Dr. Tim Yeager could have stayed focused on economics. He spent years in college, earning degrees in economics and even teaching the subject at universities on both the East and West coasts.
But when he took a job in the Bank Supervision Unit of the Federal Reserve Bank, he was about to get a crash course on banking.
“I walked in knowing very little about banking,” he says. “I tell people it’s where I got my second Ph.D.”
Now, bankers (and the media) across Arkansas seek Yeager’s opinions and knowledge of the banking industry.
As an associate professor in finance at the Sam M. Walton College of Business and the Arkansas Bankers Association Chair in Banking, Yeager teaches college students about the banking profession and updates and informs bankers through conferences and articles published through the Arkansas Bankers Association.
Yeager’s transition from economics professor to finance professor and banking expert may not have happened, in part, had he not been a bit homesick for his hometown of St. Louis. He taught economics at Ithaca College in New York and Humboldt State University in California – both far away from the Midwest where he and his wife were from. When the opportunity to work as a researcher for the Federal Reserve Bank of St. Louis presented itself, he seized it.
At his Federal Reserve Bank job, where he was an economist in Supervisory Policy Analysis, Yeager researched issues affecting community banks as well as apprise bank examiners to economic and banking conditions. As he worked his way up to assistant vice president at the Federal Reserve Bank, Yeager says he found he spent more time in meetings and less doing research. Though he taught evening classes at St. Louis University, he yearned to return to a campus full time.
That campus would be in Fayetteville, Ark. In 2006, Yeager was hired for the position he now holds. “The job description fit me like a glove,” he says.
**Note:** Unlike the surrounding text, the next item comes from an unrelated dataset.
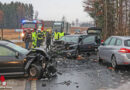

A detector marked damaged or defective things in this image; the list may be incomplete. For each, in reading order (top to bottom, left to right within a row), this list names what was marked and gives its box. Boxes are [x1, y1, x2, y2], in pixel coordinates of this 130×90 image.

damaged car [0, 40, 56, 78]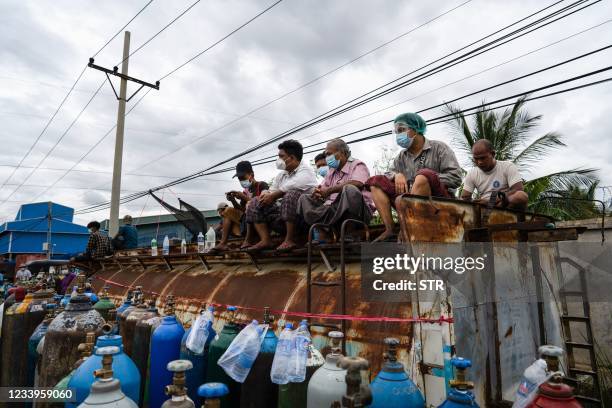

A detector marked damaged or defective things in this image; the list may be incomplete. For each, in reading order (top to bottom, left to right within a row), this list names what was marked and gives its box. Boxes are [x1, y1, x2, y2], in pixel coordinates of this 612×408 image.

Yeager says he was pleasantly surprised with Northwest Arkansas’ scenic outdoors and the collegial and friendly atmosphere at Walton College. Yeager says at many universities, faculty can be competitive and even hostile. “Here, it’s completely the opposite,” he says.
At Walton College, Yeager teaches introductory, advanced and graduate banking courses.
He says his research interests are wide and varied, but most recently he has been exploring the link between the banking sector and the macro economy. He has been published in several publications, including Journal of Banking and Finance; Journal of Money, Credit, and Banking; and Journal of Economics and Business. “I have learned a lot since I’ve gotten here,” he says. “My research has improved because I’m surrounded by bright and hard-working colleagues and students.”
In addition, each summer for the past three years, he takes students to Belize where they assist potential and existing small business owners by presenting business education seminars and offering microloans to the most promising businesses. For Yeager, the Belize program has been personally rewarding and enriching. “I feel like we make a difference, and each year, thankfully, has been better than the last,” he says.
Yeager says when he’s away from work, he likes to spend time with his wife, Dara, and their four children—two of whom are attending the University of Arkansas. He also enjoys spending time on Beaver Lake. “I ended up where I wanted to be, but the path to get here had many twists and turns,” Yeager says.